The funds that are available will be contested by many competing interests, especially when payouts now follow a legally mandated pecking order. Instead of paying bills the way the company used to, distributions are now controlled by statutorily declared priority—meaning some creditors who supplied goods and services may find themselves further down the line than they expected.
The Liquidator is in full control of the affairs of the company and the liquidation fund. Creditors have a right to expect, at a minimum, that the Liquidator will conduct the Liquidation in strict compliance with the law and code that regulates the process. What may at times appear to be indifferent to the impact on creditors may be explained by necessity of the Liquidator to be, and to be seen to be, compliant in every respect.

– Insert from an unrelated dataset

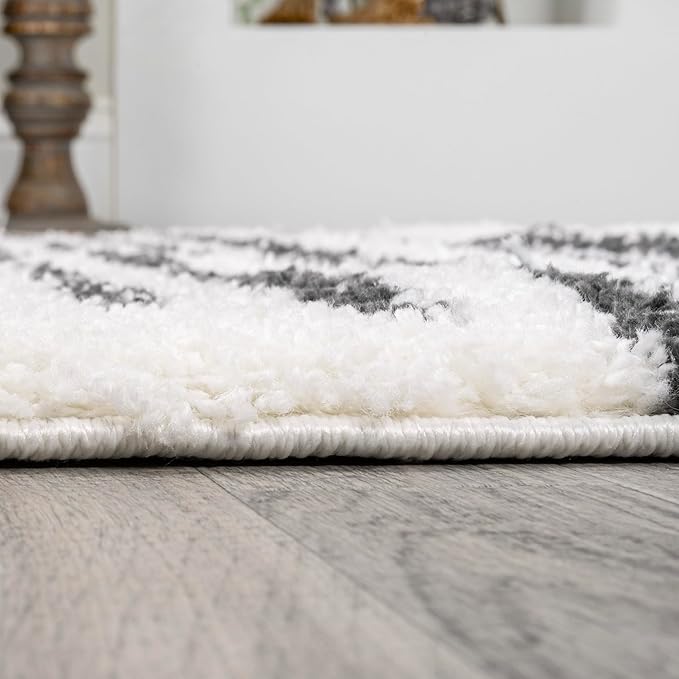 JONATHAN Y Elm Diamond Stripe Shag White/Gray Indoor Area Rug, 8x10, Geometric, Bohemian, Contemporary, Easy-Cleaning for Living Room, Bedroom, Kitchen, Pet Friendly, Non-Shedding (MOH408A-8)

However, a skilled and experienced Liquidator brings other important qualities to the table:
- An experienced Liquidator will be certain about who their duty is owed to, will be knowledgeable of the law, will be committed to meeting its expectations, and will have a sense of empathy while doing so.
- They will know that the core objective of the liquidation is to realise property, minimise cost while doing so and distribute the net proceeds.
- They will not have any control over the extent of that property or the volume of creditors who can claim, but the experienced liquidator will know how to achieve the best price possible in the circumstances.
How Liquidation funds are distributed under NZ law
Understanding who gets paid first—and in what order—during liquidation is essential for creditors seeking repayment.
- First, the Liquidator gets paid for their work from the proceeds of the property that is sold. They are the first-ranking claimants for costs and fees incurred.
- Next, Employee Entitlements will be paid with Inland Revenue as the third-ranking claimant.
- There are other preferential creditors on the list, but they often do not feature as a claimant.
- Funds are distributed in accordance with the waterfall ranking of preferential creditors, then to non-preferential creditors, until the funds run out.
- Frequently the value of the property sold does not go down the list very far.

Restructuring business is a craft and we’re passionate about our outcomes. Bryan Williams is a registered insolvency practitioner, an INSOL Fellow and member of RITANZ. Bryan has over 30 years of experience in the insolvency industry and established BWA Insolvency in 1993. Get in touch today.
What it takes to become a Liquidator in NZ
To become registered, the applicant, if an accountant, must have done at least 1,000 hours of senior-level work in the field of insolvency and have at least five years’ experience undertaking work on insolvency engagements.
If the applicant is not an accountant, at least 2000 hours of senior-level work must have been undertaken, as well as five years of experience undertaking work on insolvency engagements. To be accepted, the applicant will have skills in Accounting, Law, Human Resources, Business Structure, Human Relations and Dispute Resolution. The Registered Insolvency Practitioner must be a member of a recognised body. In New Zealand, most will be a member of RITANZ (Restructuring Insolvency and Turnaround Association of New Zealand). RITANZ members are bound by a Code of Conduct that demands the highest level of professional conduct in both personal and professional life. A Liquidator, on appointment, becomes an Officer of the High Court and is expected to consider and deal with the affairs of the company in liquidation in a manner that would align with the findings of a High Court Judge.
Industry commentators record that to be considered experienced in the insolvency industry, a Practitioner will need to have at least 20 years of consistent and dedicated activity behind them.